Bernera Barracks is in Glenelg in the West Highlands of Scotland. The barracks were constructed between 1717 and 1723 as part of a campaign by the British government to subdue the local population which had risen up in arms in the Jacobite Rising of 1715, and which would do so again in 1745. The barracks were designed by Andrews Jelfe and John Lambertus Romer of the Board of Ordnance, or possibly their predecessor James Smith, and built by Sir Patrick Strachan. Some of the stone used in the construction was taken from Dun Telve and Dun Troddan, nearby iron-age brochs. The Government troops who were garrisoned here during the Jacobite uprisings were also intended to control the crossing to Skye.

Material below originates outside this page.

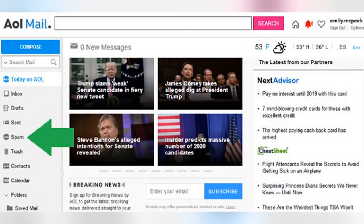Email is a great way to stay in touch with contacts and get all the latest news from your favorite websites. But you know what's not so great? Spam messages. The more you use your AOL email address to register on websites for online shopping, email newsletters, special offers, online services, etc., the more likely you are to see unwanted messages showing up in your inbox.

Following the 1715 rising, Glenelg was chosen along with Fort George, Fort Augustus and Fort William as one of four sites in the Highlands for military barracks.

The barracks (and indeed the broch) are now in ruins, a state which they appear to have entered shortly after the withdrawal of troops in 1797. The barracks is protected as a scheduled monument.

Major William Caulfeild engineered the military road from Fort Augustus to Bernera Barracks in 1755 but Thomas Telford’s commissioners remade it in the 1820s. It initially headed west through Inchnacardoch Forest climbing to a height of over 1280 ft before dropping into Glen Moriston. It appears to have crossed the River Moriston somewhere near the confluence of the River Doe with the Moriston, and then taken a route somewhat to the north of the present day A887 road and A87 road north of Loch Cluanie. The road descended Glen Shiel to Ratagan before rising over the Bealach Ratagain (Ratagan Pass) and into Glen More and thence to the barracks.